IMHO, the ebay boat is a bette value. The universal diesel was a rare installation on a C-25, but not an uncommon sailboat engine. In otherwords, although you will have a boat with an unusual engine, the engine will have parts availability etc. Not many of these were made by Catalina. The inboard should keep you from cavitation woes etc. in teh choppy waters, however they aren't perfect. If teh engine has trouble, it will be an issue getting it serviced. Either learn your own mechanics or prepare to pay big bucks for a mechanic to come to you.
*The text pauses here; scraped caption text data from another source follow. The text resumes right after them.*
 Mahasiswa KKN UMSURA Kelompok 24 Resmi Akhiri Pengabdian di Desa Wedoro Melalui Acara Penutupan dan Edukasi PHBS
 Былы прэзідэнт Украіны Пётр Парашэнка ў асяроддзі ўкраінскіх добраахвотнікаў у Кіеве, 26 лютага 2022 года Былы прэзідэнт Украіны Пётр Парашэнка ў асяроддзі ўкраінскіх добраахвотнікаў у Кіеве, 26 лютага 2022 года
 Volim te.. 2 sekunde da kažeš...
The one advantage of an outboard is that you can pull it off teh boat and tinker with it in your own backyard.

Because of the liability associated with the inboard, I would suggest an experienced person go with you to look at the boat.

I am not sure about your question with regards to the headsail. I think you are looking for a furling system, this boat does not have one. It has hank-on sails. To outfit the boat with a furler is not technically difficult, but is expensive. You can buy one as an add-on.
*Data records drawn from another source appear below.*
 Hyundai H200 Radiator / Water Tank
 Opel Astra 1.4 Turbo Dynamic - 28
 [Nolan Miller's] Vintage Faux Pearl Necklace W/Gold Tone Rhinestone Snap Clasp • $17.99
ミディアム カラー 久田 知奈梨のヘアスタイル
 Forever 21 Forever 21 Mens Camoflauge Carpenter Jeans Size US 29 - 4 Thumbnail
You will also notice that teh interior doesn't have a keel trunk - this boat is a fin keel with 4 ft of draft. To me this is preferable for your area, but you were concerned about anchoring in shallow water. Make sure it will work for you.
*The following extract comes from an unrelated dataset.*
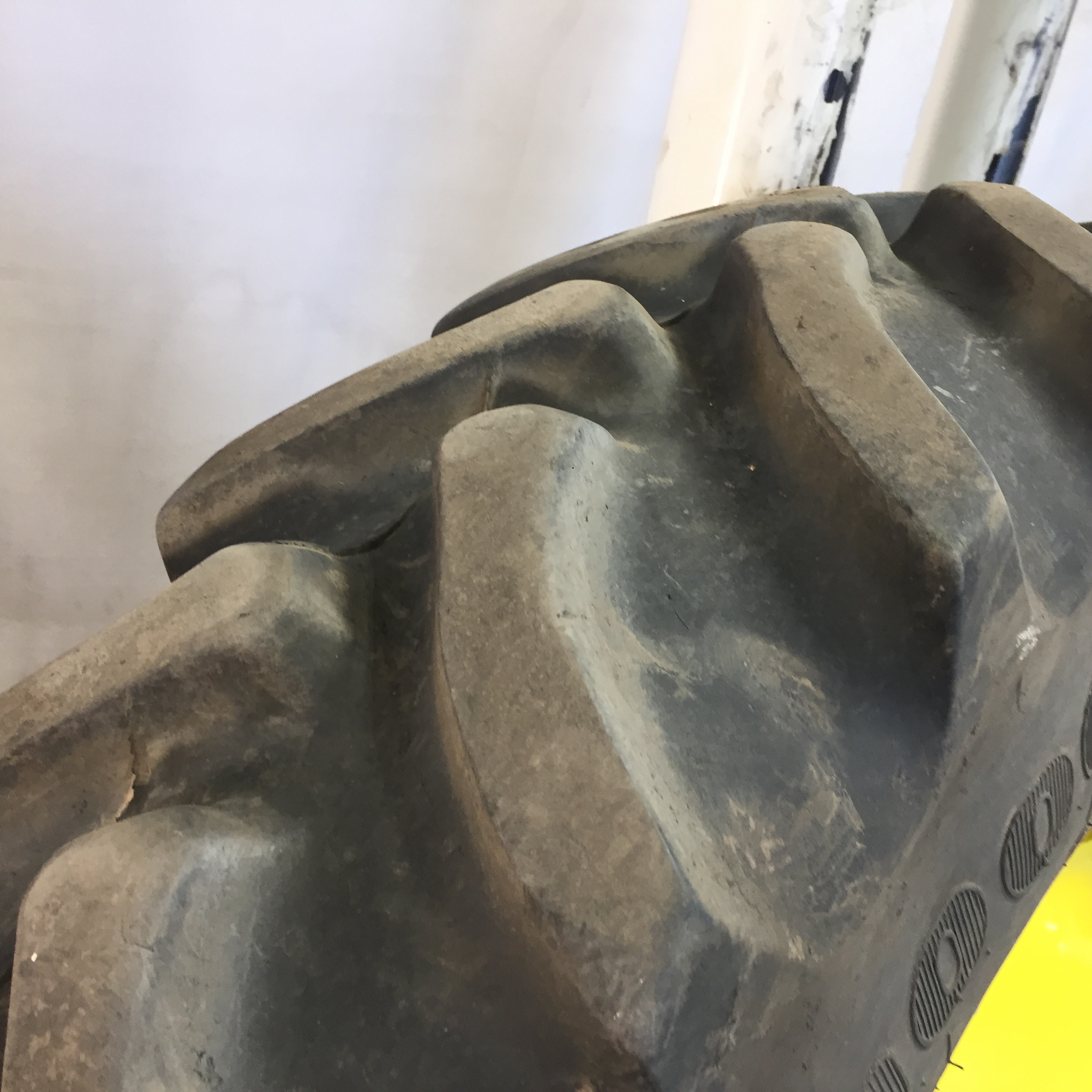 320/85R34 Firestone Radial 9000 R-1W Tire RT008272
It looks like someone has redone the interior on the boat. All the pinrails are missing off the backs of the settees. Not an issue, possibly an advantage and a sign of maintenance/upgrades.

Also, it looks like there are no gauges in the bulkhead. Also not a bad thing, but you will want to make sure there is at least a compass. Find out if there is some kind of a GPS included - it can cover off all your other gauge type needs.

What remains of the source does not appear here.